The attack on Maersk this past week underscored just how necessary action is, Torres said in a statement. “This most recent attack should serve as a call to action to address the clear vulnerabilities in our maritime security before those who wish to do us harm are able to engineer a truly debilitating attack.”
According to Torres, the breadth and scope of this recent attack should be enough to galvanize public and private power players despite skepticism.
The June 27 ransomware attack on Maersk shuttered the shipping giant’s terminals and temporarily brought cargo bookings to a standstill. Three days later, Maersk says it is now bringing operations back online, but its terminals in Los Angeles and New Jersey, the largest in the country, remain closed.

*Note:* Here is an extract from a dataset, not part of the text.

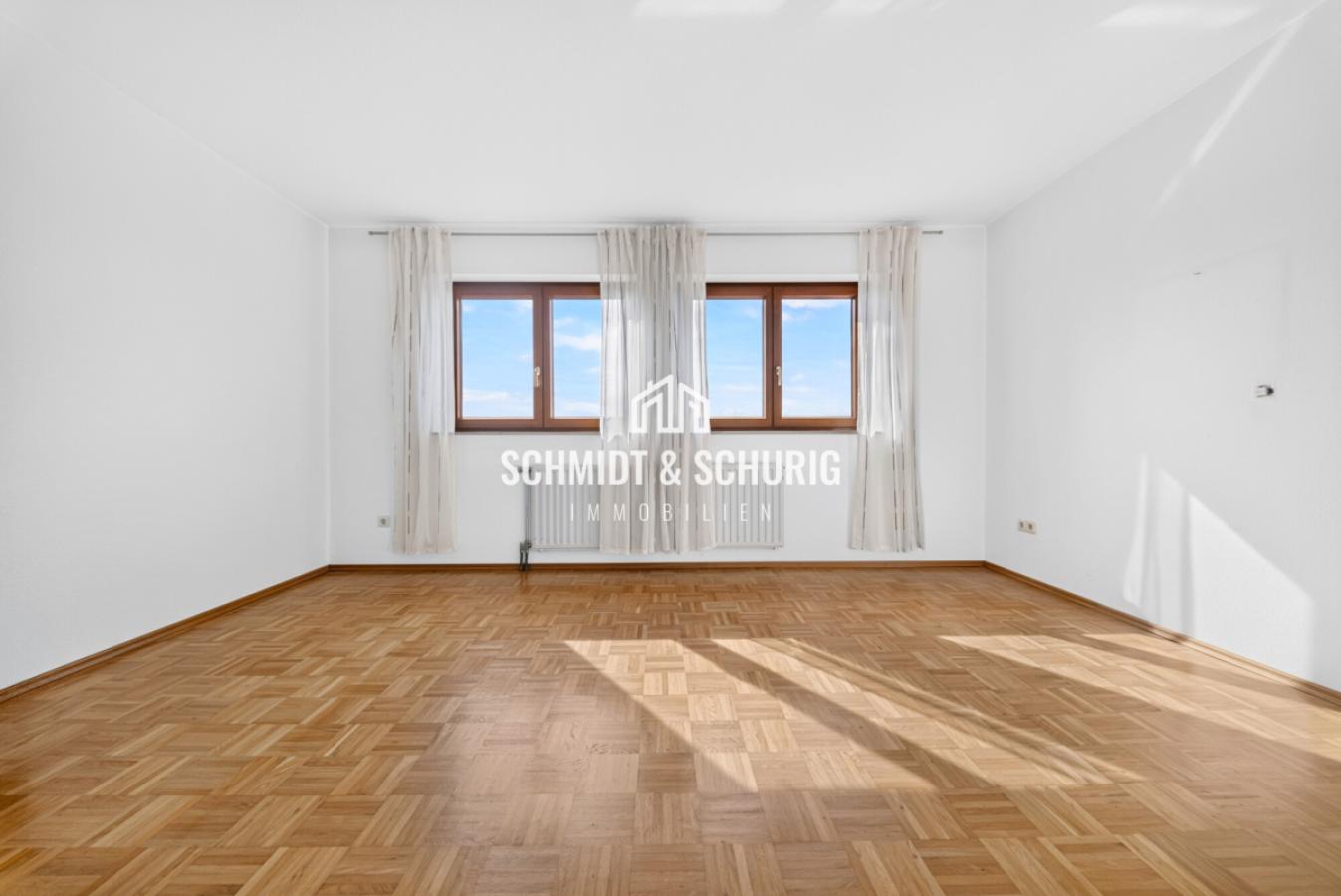 Schlafzimmer Obergeschoss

In response to the attack, Rep. Torres on Wednesday announced her intention to reintroduce the Strengthening Cybersecurity Information Sharing and Coordination in Our Ports Act, a bill she originally introduced in 2015.
Back then, Torres said, “hearings before Congress revealed how little coordination currently occurs between port landlords and tenants in addressing cyber threats as well as how little consideration has been given by federal agencies to the impact that a cyberattack could pose to our maritime infrastructure.”

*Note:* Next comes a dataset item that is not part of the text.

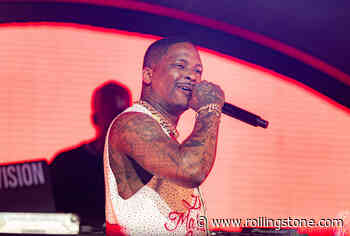 YG Arrested on Robbery Charges Days Before Grammys Performance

The bill won unanimous support in the lower chamber in December 2015, but died in the Senate. Only one item in the bill, the report on port cyberthreats made it into later legislation. How far the DHS has come on that report remains unclear. Sources on the Hill and within the industry told JOC.com on Friday they had heard nothing and could not say where the report stands.
Crowley said that his group doesn’t necessarily oppose the concept of voluntary guidelines. “Mandatory and very concrete requirements across the industry whether it be the port industry or the maritime industry more broadly are not helpful. It’s such a diverse set of sectors with diverse needs,” he said.
Neither do they oppose a channel of communication with the US government that is specific, narrow, and secure. In fact, he said, it is something they’ve been requesting.
“There needs to be a single point of contact that we can all reach in the federal government. There’s a couple today,” said Crowley. “It would be helpful to have one voice at the federal level that speaks to first of all what information is available out of the federal government that can advise and inform the private sector, what is largely a private sector endeavor.”
As has always been the case with the collection of private and proprietary data, Crowley said, any reporting on terminal or port cybersecurity needs to be handled with kid gloves. When data is shared, Crowley said, it would be preferred if it were the government sharing data with the private sector on known threats, not the private sector sharing data with the government on vulnerabilities that could be exploited.
“It would be our position that the federal government and Washington, DC should be sharing what it has and providing insight and views to what are the trends that may not be available to the industry,” Crowley said.
Torres has not said yet when she plans to reintroduce her legislation. The House has left Washington for its July 4 vacation and won’t return until July 11. Then it will only be in session for three weeks before both chambers of Congress will be on recess through the entire month of August.